Author : Knowsley Hall. Library
Publisher :
Page : 294 pages
File Size : 13,28 MB
Release : 1893
Category : Libraries
ISBN :
Author : Janet Clare
Publisher : Cambridge University Press
Page : 318 pages
File Size : 38,61 MB
Release : 2014-01-09
Category : Drama
ISBN : 1107040035
Contesting the notion of Shakespeare as originator, Clare demonstrates how Shakespeare adapted, imitated and borrowed from the work of others.
Author : Marcus K. Harmes
Publisher : A&C Black
Page : 224 pages
File Size : 32,3 MB
Release : 2013-10-24
Category : History
ISBN : 1472509757
Armed with pistols and wearing jackboots, Bishop Henry Compton rode out in 1688 against his King but in defence of the Church of England and its bishops. His actions are a dramatic but telling indication of what was at stake for bishops in early modern England and Compton's action at the height of the Restoration was the culmination of more than a century and a half of religious controversy that engulfed bishops. Bishops were among the most important instruments of royal, religious, national and local authority in seventeenth-century England. While their actions and ideas trickled down to the lower strata of the population, poor opinions of bishops filtered back up, finding expression in public forums, printed pamphlets and more subversive forms including scurrilous verse and mocking illustrations. Bishops and Power in Early Modern England explores the role and involvement of bishops at the centre of both government and belief in early modern England.
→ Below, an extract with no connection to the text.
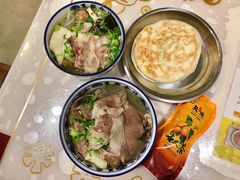 -夏家合汁(天润花园小区店)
It probes the controversial actions and ideas which sparked parliamentary agitation against them, demands for religious reform, and even war. Bishops and Power in Early Modern England examines arguments challenging episcopal authority and the counter-arguments which stressed the necessity of bishops in England and their status as useful and godly ministers. The book argues that episcopal writers constructed an identity as reformed agents of church authority. Charting the development of this identity over a hundred and fifty years, from the Reformation to the Restoration, this book traces the history of early modern England from an original and highly significant perspective. This book engages with many aspects of the social, political and religious history of early modern England and will therefore be key reading for undergraduates and postgraduates, and researchers working in the early modern field, and anyone who has an interest in this period of history.
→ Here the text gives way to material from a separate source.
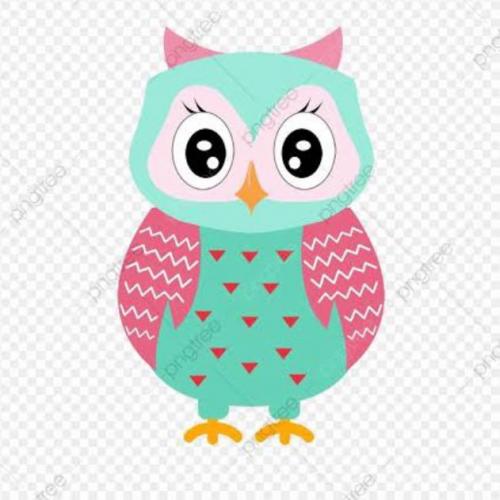 สมาชิกหมายเลข 6391919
Author : Guildhall Library (London, England)
Publisher :
Page : 604 pages
File Size : 49,77 MB
Release : 1887
Category : Great Britain
ISBN :
Author : Simon Smith
Publisher : Manchester University Press
Page : 256 pages
File Size : 12,20 MB
Release : 2020-02-28
Category : Literary Criticism
ISBN : 1526146460
This electronic version has been made available under a Creative Commons (BY-NC-ND) open access license. Considering a wide range of early modern texts, performances and artworks, the essays in this collection demonstrate how attention to the senses illuminates the literature, art and culture of early modern England. Examining canonical and less familiar literary works alongside early modern texts ranging from medical treatises to conduct manuals via puritan polemic and popular ballads, the collection offers a new view of the senses in early modern England. The volume offers dedicated essays on each of the five senses, each relating works of art to their cultural moments, whilst elsewhere the volume considers the senses collectively in particular cultural contexts. It also pursues the sensory experiences that early modern subjects encountered through the very acts of engaging with texts, performances and artworks. This book will appeal to scholars of early modern literature and culture, to those working in sensory studies, and to anyone interested in the art and life of early modern England.